Overconsumption of TP in scavenging ROS induced by Cr-stress was reflected with lower values of TP content. Therefore, 2.71-fold decrease in TP level was observed in Cr-stressed seedlings over untreated control seedlings (Table 2). Cr-solution enriched with only EBL showed 1.9-fold increase in TP content when compared with Cr-stress alone. Treatment of Spd alone with Cr-stress improved TP level by 2.10-fold over Cr-stressed seedlings. However, co-application of EBL and Spd with Cr-solution was able to enhance TP content by 2.41-fold in comparison with only Cr-treatment.
Taken together, our data indicate that co-application of EBL and Spd can more effectively improve the levels of antioxidants than their individual applications in Cr-stressed seedlings.

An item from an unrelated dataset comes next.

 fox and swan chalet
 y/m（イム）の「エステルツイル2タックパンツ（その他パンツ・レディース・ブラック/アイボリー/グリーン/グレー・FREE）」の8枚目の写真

EBL and Spd alter activities of antioxidant enzymes to boost mitigation of Cr-stress.
About 2.2-fold decrease in whole protein content was noted in Cr-stressed seedlings when compared with untreated control (Table 3). On the other hand, treatment with EBL but not Spd significantly increased the protein content in Cr-stressed seedlings (∼75% of that of the untreated control), suggesting that EBL can improve protein synthesis under Cr-stress. Co-application of EBL and Spd did not show better enhancing effect on the protein synthesis in Cr-stressed seedlings in comparison with EBL supplementation alone, confirming that EBL but not Spd can alleviate the negative effect of Cr-stress on protein synthesis in radish seedlings (Table 3).
We recorded a significant increase in GPOX activity (4.57-fold) in Cr-stressed seedlings in comparison with untreated control. A small decrease in GPOX activity (1.30-fold) for EBL treatment was observed under Cr-stress when compared with Cr-stress alone. Enrichment of Cr-solution with only Spd was found to lower GPOX activity by 3.05-fold over Cr-treatment alone (Table 3). Supplementation of EBL and Spd to Cr-solution was able to reduce GPOX activity by only 1.52-fold compared with Cr-stress alone, suggesting a complex effect of co-application of EBL and Spd on modulation of GPOX activity.
A sharp increase in SOD activity (6.59-fold) over untreated control was noted under Cr-stress. No significant increase in SOD activity was recorded for individual applications of EBL and Spd with Cr-solution when compared with only Cr-treatment (Table 3). However, EBL and Spd applied together enhanced SOD activity (1.55-fold) more efficiently than their individual applications under Cr-stress.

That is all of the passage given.